INFORMATION PROVIDED section start

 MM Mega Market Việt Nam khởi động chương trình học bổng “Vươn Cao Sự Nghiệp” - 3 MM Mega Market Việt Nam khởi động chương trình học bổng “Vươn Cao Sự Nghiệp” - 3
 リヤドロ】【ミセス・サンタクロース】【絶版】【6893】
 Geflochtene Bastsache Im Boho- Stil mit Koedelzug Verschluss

INFORMATION PROVIDED section end
INFORMATION PROVIDED section start

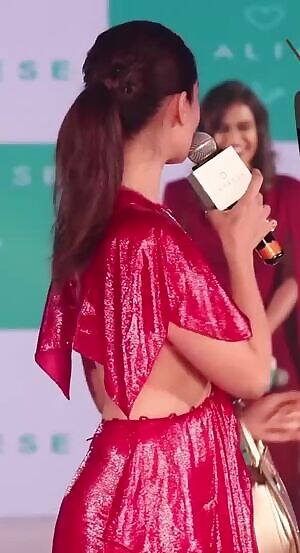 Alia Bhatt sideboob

INFORMATION PROVIDED section end
INFORMATION PROVIDED section start

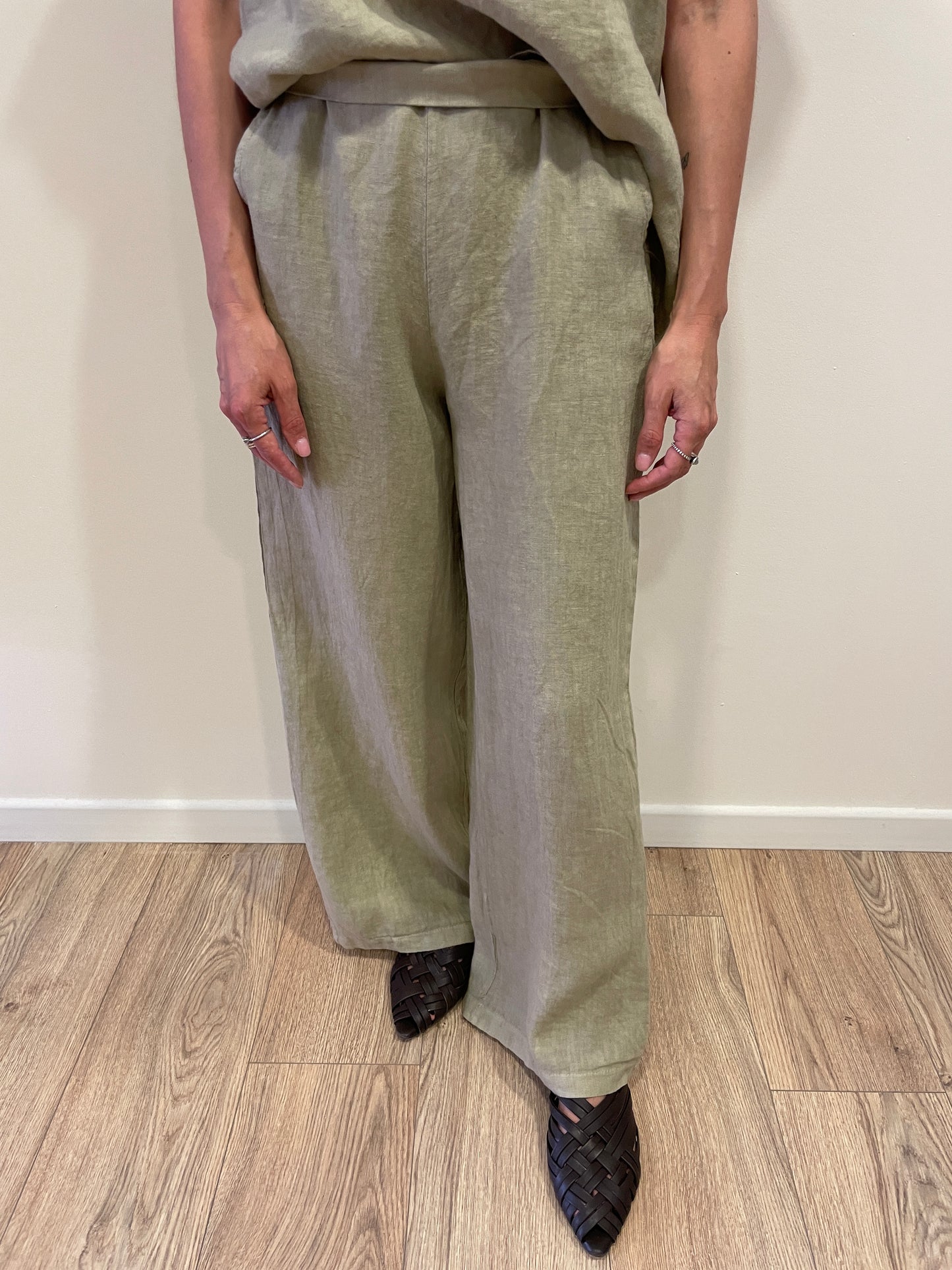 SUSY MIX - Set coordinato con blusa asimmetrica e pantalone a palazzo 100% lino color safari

INFORMATION PROVIDED section end

WHAT IS BEING ASKED:
Your answer must be the lines above from the one containing "- 3 MM Mega" to the one containing "Geflochtene Bastsache Im", both included, restated word for word.

RESPONSE TO THE EXERCISE:
 MM Mega Market Việt Nam khởi động chương trình học bổng “Vươn Cao Sự Nghiệp” - 3 MM Mega Market Việt Nam khởi động chương trình học bổng “Vươn Cao Sự Nghiệp” - 3
 リヤドロ】【ミセス・サンタクロース】【絶版】【6893】
 Geflochtene Bastsache Im Boho- Stil mit Koedelzug Verschluss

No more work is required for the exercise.